I have pondered his comments and concerns, and I responded to his letter the other day.
It is not on the priests, although many have not been screened by bishops, perhaps, so well before entering seminary. The decline in membership and also those attending Mass is also not a new sorrow for the Church, yet it does seem to be increasingly so.
Much has to do with all of us Catholics, whether those of us in the consecrated life of the Church or those who are in married or single vocations.
The problem seems to be within ourselves, and it has to do with following and immersing ourselves in the laws of mind or the law of God: the law of love. Love God above all things and love others as God loves. This is the law of God, Jesus' greatest commandment, and it is verily how Jesus taught and more so, how He lived His earthly life as an example for us all.
Another way to view the dispersion of people to other faiths or no faith at all, has to do perhaps with the externals. It does seem to me--this nothing consecrated Catholic hermit who is old, worn from suffering but praying while doing a great deal of manual labor and learning a bit to remain in Christ's love--that some are drawn to the Church and exist in the Church due to a need or attraction to externals.
Someone wrote to me recently with an article attached, about a US bishop who was convinced the decline in Catholics is due to not receiving Communion properly. He had a call for Catholics to receive Communion on the tongue and not in the hand, and in a kneeling position.
The person who sent me the article found this to be just the answer to our Catholic Church's membership woes and why such persons as our Vice President and newest Supreme Court justice left the Catholic Church and attend other--such as evangelical or Episcopalian. Well, we all known those who have left the Catholic Church over the years, and there are many factors involved in the persons' reasons and choice.
Even trying to figure it out can bring us to dwell upon the externals. Yet there is a reality occurring, and whether in the time of John of the Cross or of the early Church or of our time period now, it seems to come down to love. Love in His Love, or not so much love in His Love.
We are in love of Christ or not so much, and we love God in Himself or love a bit more the temporal aspects of the Church, and in some cases love the temporal aspects of the world. And there are gradations of these aspects of love.
But love of God in Himself, loving God above all else and loving others as God loves--remaining in His love: this is the command of Jesus, given to us to follow and live, always, in all circumstances.

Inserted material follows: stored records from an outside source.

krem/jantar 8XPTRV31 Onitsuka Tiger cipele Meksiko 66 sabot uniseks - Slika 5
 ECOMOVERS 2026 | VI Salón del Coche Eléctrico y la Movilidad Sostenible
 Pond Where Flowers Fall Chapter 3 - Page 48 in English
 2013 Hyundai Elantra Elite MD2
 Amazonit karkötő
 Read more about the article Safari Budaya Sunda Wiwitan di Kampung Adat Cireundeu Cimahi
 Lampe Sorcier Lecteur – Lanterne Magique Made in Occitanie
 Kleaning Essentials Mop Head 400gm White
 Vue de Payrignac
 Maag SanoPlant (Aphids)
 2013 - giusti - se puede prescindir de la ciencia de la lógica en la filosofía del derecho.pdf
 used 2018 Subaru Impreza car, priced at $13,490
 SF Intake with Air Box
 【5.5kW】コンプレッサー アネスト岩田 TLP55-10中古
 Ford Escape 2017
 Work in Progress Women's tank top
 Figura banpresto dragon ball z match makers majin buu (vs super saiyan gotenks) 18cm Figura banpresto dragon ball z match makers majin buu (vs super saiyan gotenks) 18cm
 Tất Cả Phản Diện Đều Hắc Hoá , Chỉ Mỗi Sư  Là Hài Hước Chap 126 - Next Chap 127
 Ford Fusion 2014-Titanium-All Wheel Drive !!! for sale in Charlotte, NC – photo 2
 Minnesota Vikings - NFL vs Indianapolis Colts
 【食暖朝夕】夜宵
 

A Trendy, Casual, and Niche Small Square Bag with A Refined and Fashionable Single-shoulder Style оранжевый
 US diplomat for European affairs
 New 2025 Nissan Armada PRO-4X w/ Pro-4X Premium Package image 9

We do love aspects of the world, but it is through the love of God that this is possible and keeps the love as outflow of God's love, not our notion or expression of love--but a love that flows from God. We are in God, and He is in us. Jesus says in so many ways: Remain in My love.
Remaining in His love includes remaining in His Living Word. It includes remaining in His Real Presence, also, and this includes receiving His Body and Blood. Yet there is the grace of God involved and our own choosing, to love God above all things and to love others as God loves.
We must get ourselves out of the way and cease our desire to live in and place our minds and hearts and bodies into other considerations, the laws of minds which tend to be rooted in the externals.
I suppose some personalities are more inclined to the externals, or it can be a habit or was instilled in childhood or such. To love God above all things and to love others as God loves is not on the same trajectory as loving laws of minds and being caught up in externals. Remaining in Christ's love alters a soul's life and existence, here and eternally.
Pray to remain in His Love. Desire to love God above all things and to love others as God loves. God loves in and through and with us, thus. Quite the process, but there is a turning point of grace that He provides once we begin to let go of ourselves.
I suppose, of course, that loving God above all things includes the things that we people have deemed as necessary, such as the early Church began deeming certain rituals or trends as necessary. Laws of minds develop from minds. The law of God is of God Who Is Love.
"Remain in My Love" Jesus tells us in His Word and life example. There are mystics and saints who learned obedience through suffering, to love, to love to learn to love in His love. We do have many examples, thus.